START Provided data

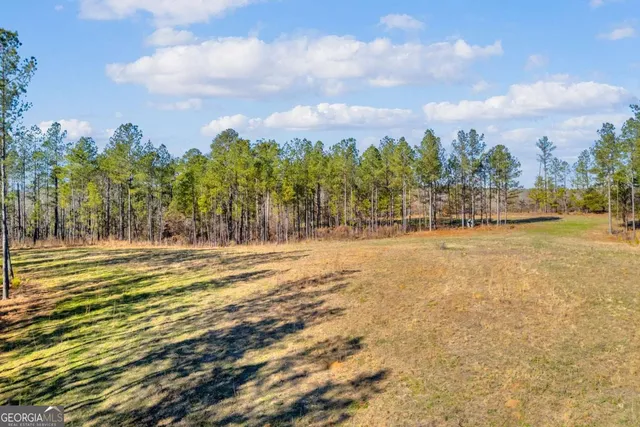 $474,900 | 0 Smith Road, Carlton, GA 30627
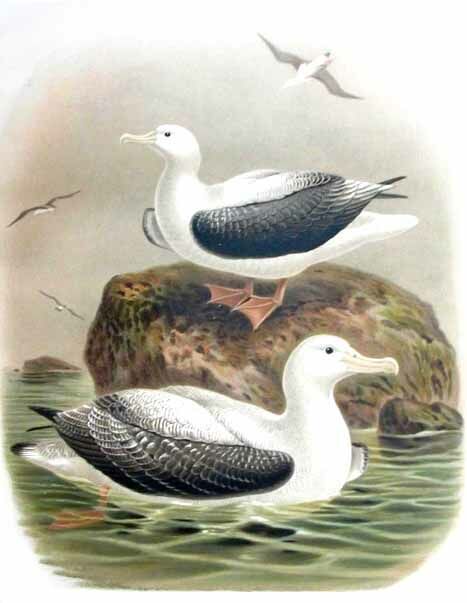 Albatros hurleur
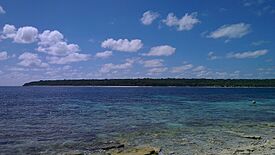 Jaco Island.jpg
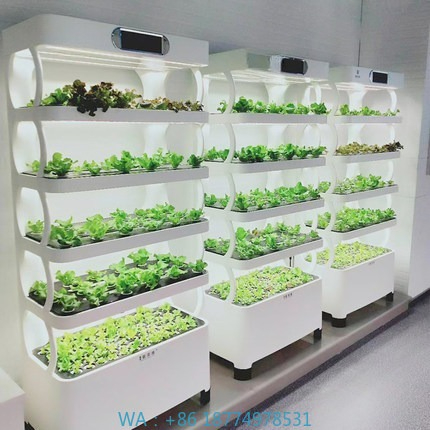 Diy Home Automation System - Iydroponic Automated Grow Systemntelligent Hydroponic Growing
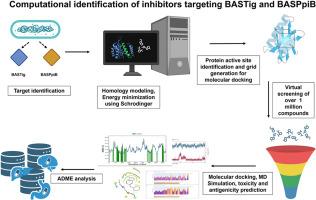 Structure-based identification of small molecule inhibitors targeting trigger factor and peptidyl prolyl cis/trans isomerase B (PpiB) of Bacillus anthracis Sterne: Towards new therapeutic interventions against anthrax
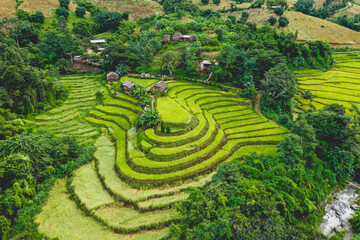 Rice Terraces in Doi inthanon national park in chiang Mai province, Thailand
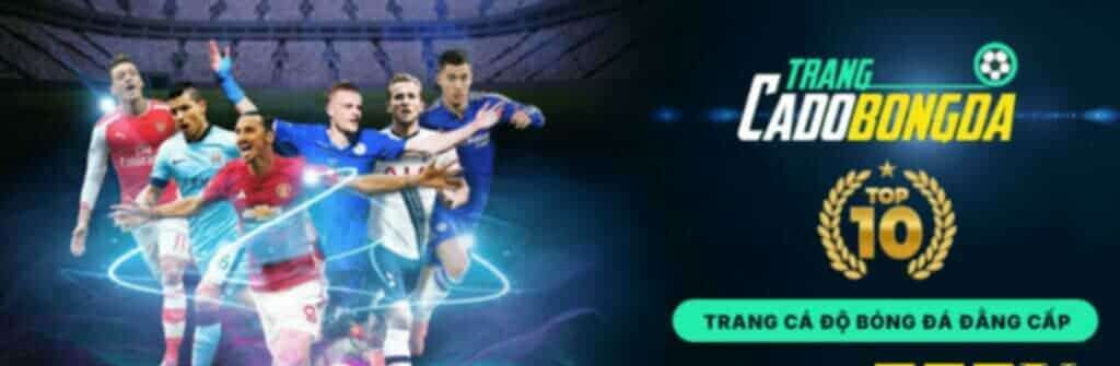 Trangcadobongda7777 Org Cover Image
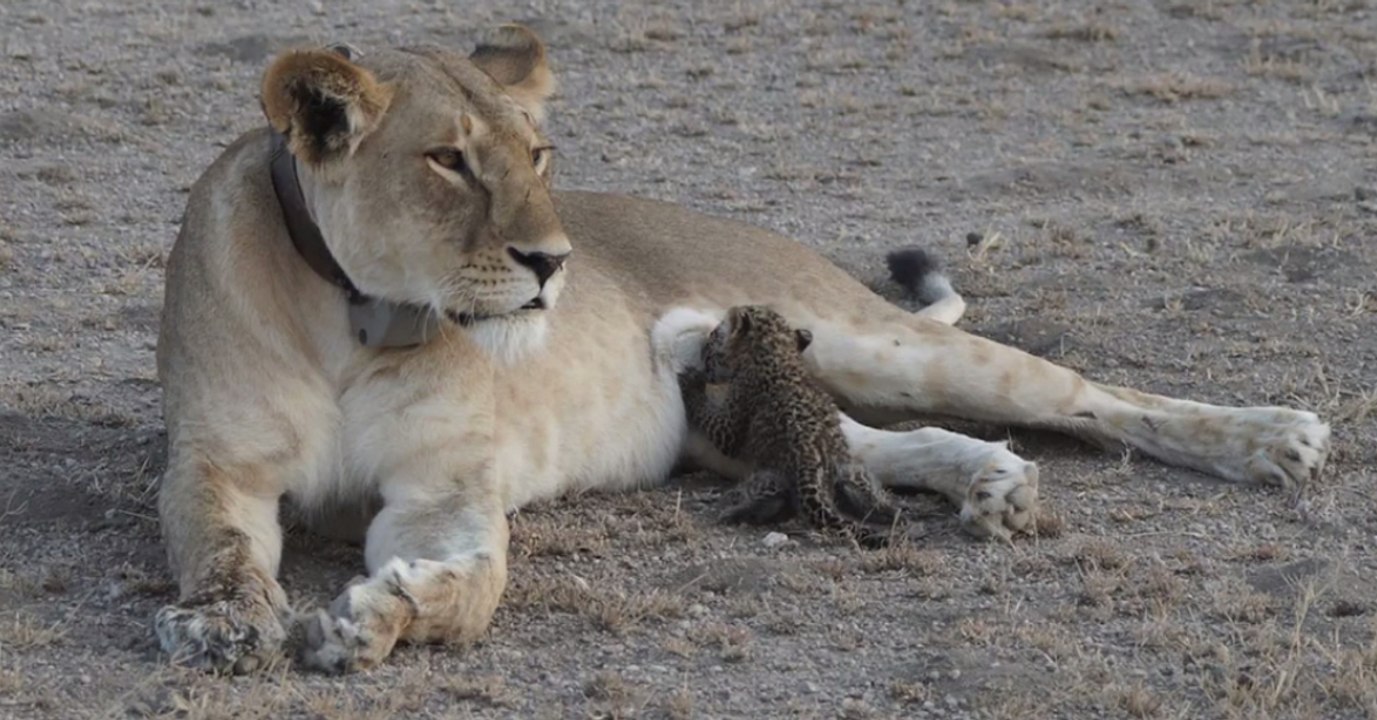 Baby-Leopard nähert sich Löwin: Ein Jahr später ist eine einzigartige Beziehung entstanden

END Provided data
START Provided data

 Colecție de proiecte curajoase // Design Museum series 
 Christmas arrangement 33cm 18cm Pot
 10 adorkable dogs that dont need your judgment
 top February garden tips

END Provided data
START Provided data

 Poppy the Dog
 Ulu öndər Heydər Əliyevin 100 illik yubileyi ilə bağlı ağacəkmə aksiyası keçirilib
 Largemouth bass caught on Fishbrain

END Provided data

What is expected:
With pictures omitted, repeat the entries above word for word from the line holding "Jaco Island.jpg" down to the line holding "Diy Home Automation", keeping both of those lines.

Result of the task:
 Jaco Island.jpg
 Diy Home Automation System - Iydroponic Automated Grow Systemntelligent Hydroponic Growing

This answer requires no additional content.